Проект «Краски России» реализуется при поддержке Президентского фонда культурных инициатив.
— Ах, как жаль, Андрей, что в Брянске мы проездом! Всего лишь полчаса можем провести здесь, в художественном музее.
— Предлагаю без спешки познакомиться с одной картиной! Как тебе такая идея, Алла?
— Я согласна! Осталось выбрать из обширной экспозиции, что нам ближе — по тематике и по настроению.
— Ты у нас любительница детских портретов, поэтому предлагаю остановиться на произведении художницы Екатерины Чернышёвой «Лето в деревне». Да и я давно хотел увидеть это полотно вживую, не в репродукции. Второе название работы — «Настенька приехала». Это центральная часть триптиха «С чего начинается родина?» Вот, сестрёнка, полюбуйся!
— Ой, как мне нравится, Андрюша! Деревенский дом, во дворе девочка лет восьми катается на качелях, а в окно на неё глядят дедушка с бабушкой. Композиция простая, но почему-то смотришь — и сердце замирает. И грустно, и светло.
— Простота этой картины кажущаяся. Здесь каждая подробность продумана, выверена, отточена, исполнена смысла!
— Я вот сейчас как раз подумала — неспроста фигурка девочки залита солнцем. Сразу приходит на ум, что для дедушки с бабушкой она — свет в окошке.
— Верно подмечено! Маленькая героиня картины — словно солнечный зайчик. Хрупкий силуэт очерчен сиянием. Туфельки, гольфы, короткое платьице как будто сотканы из света. И даже верёвки, поддерживающие доску на простых деревенских качелях, похожи на лучи, тянущиеся с неба.
— О небесах напоминает и стена дома, в котором живут дедушка с бабушкой — она окрашена в пронзительно синий, яркий, чистый цвет.
— В иконописи такой оттенок символизирует бесконечное неземное пространство, Небесное Царство. Екатерина Чернышёва сделала его фоном своей картины.

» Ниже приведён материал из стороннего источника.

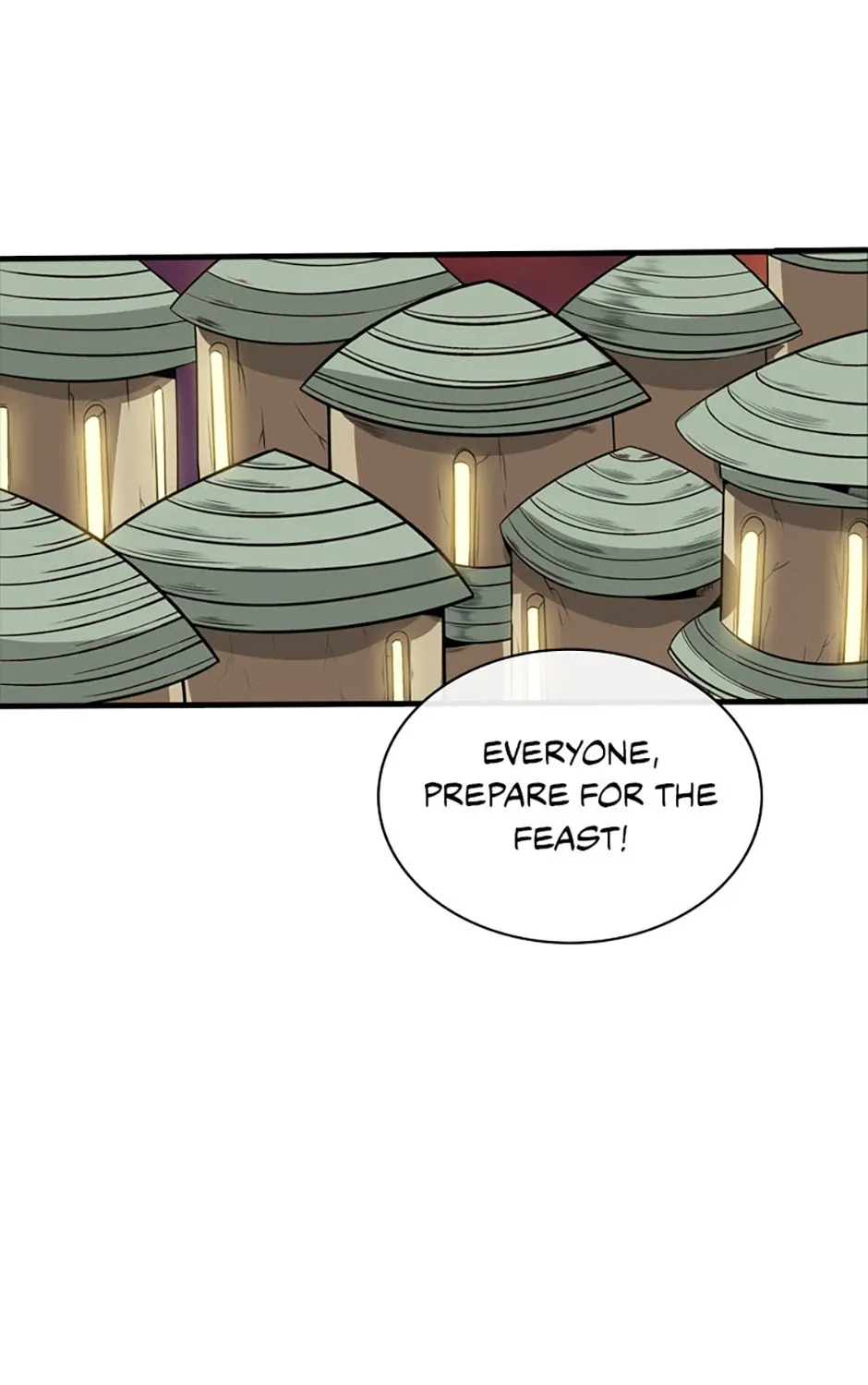 Read My 1.5-Billion-Won Item chapter 65 image 47 on Lezhin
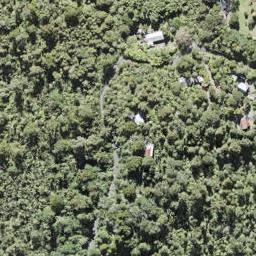144 Mountain Road, Henderson Valley, Auckland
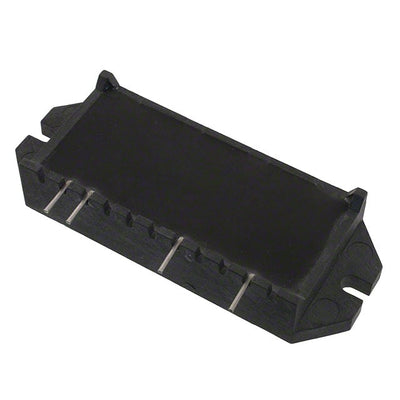 UPD2415F-10 by Sensata-Crydom - SOLIDSTATE RELAY SPST-NO 15A 24-280V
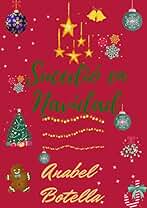 Sucedió en Navidad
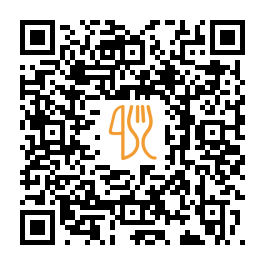 QR-code link către meniul Gyros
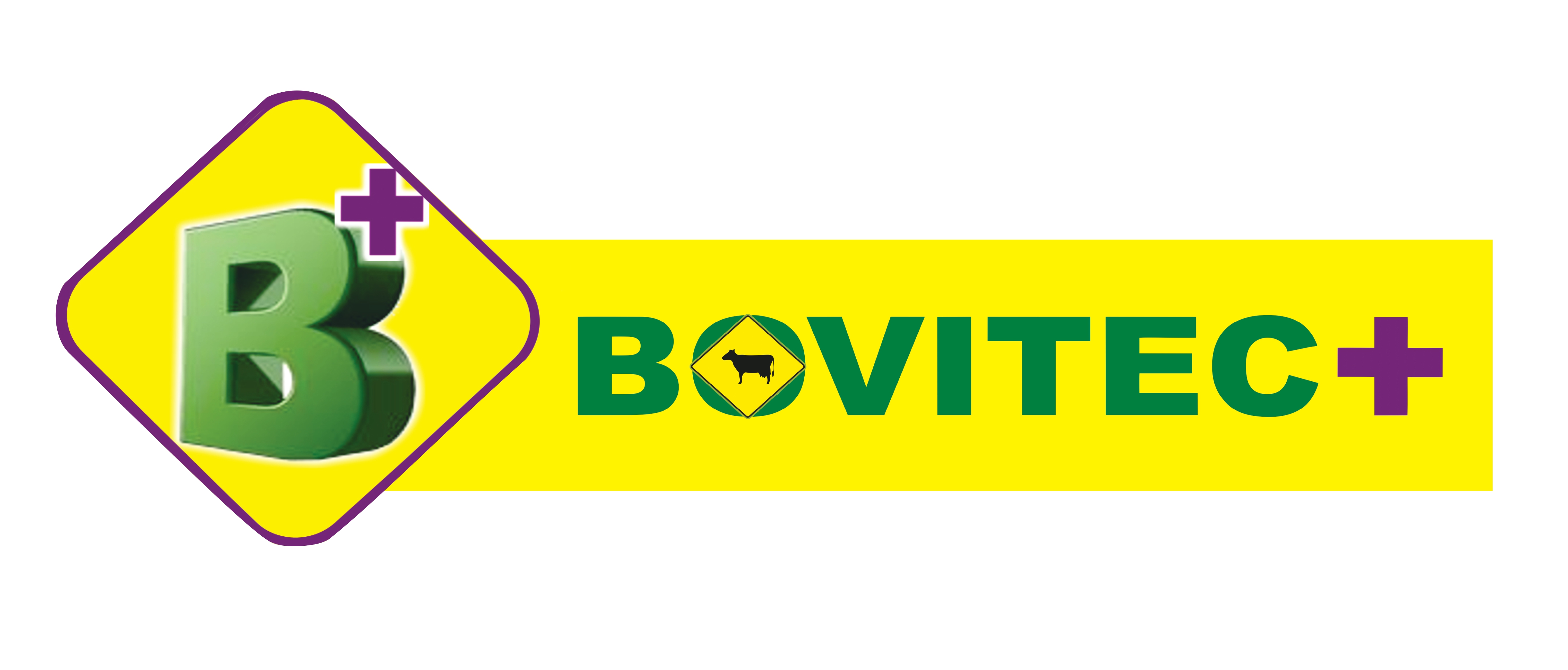 Bovitec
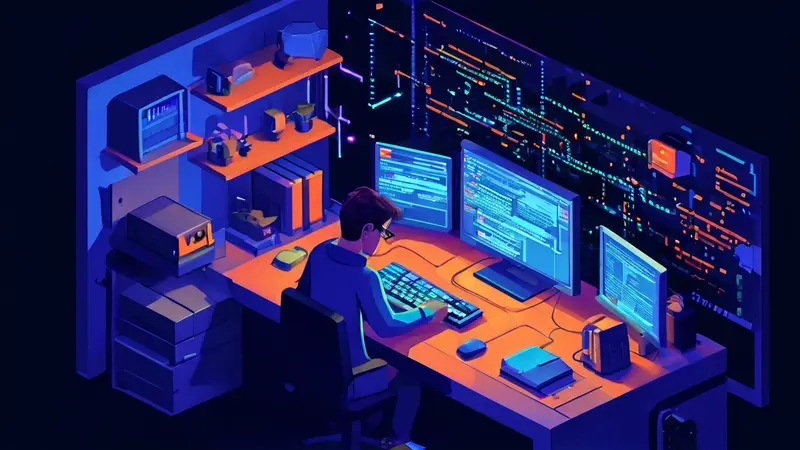 个人规划时间表excel怎么做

Возможно, она использовала этот прием, чтобы показать, что деревенский дом для маленькой Настеньки — уголок Рая. Здесь девочка пребывает в любви, которую ничто не омрачает.
— Разве в советское время художники помнили об иконописных канонах? В каком году было написано полотно «Лето в деревне»?
— В 1977-ом. Екатерина Чернышёва выросла в атеистическое время, но об иконописи знала немало. Её отец, художник Николай Чернышёв, изучал древнерусские фрески, посвятил этой теме несколько научных работ.
— И дочь познакомил с церковным искусством?
— Конечно! Он был первым, и может быть, самым главным учителем рисования в жизни Екатерины. В дальнейшем она успешно окончила московский художественный институт имени Сурикова, но именно от отца усвоила способность отображать на холсте внутренний мир человека, тайны его души.
— И на картине «Лето в деревне» эта способность проявилась?
— Без сомнения. Екатерина Чернышева показала не просто заурядный эпизод каникул, а момент жизни, который печатью ляжет на сердце девочки.
— А как она это показала?
— А вот, посмотри — бабушка и дедушка замерли в проёме окна, словно на старой, чуть выцветшей фотографии. Это образ долгой памяти. Тёплое чувство к родным старикам будет вплетено в жизнь Настеньки, как вот эта синяя лента в её косу.
— Лента не просто синяя, она того же удивительного оттенка, что стена старого дома.
— И это ещё один символ на картине Екатерины Чернышёвой «Лето в деревне». Ниточка любви, связавшая разные поколения одной семьи.
Картину Екатерины Чернышёвой «Лето в деревне. Настенька приехала» можно увидеть в Брянском областном художественном музейно-выставочном центре.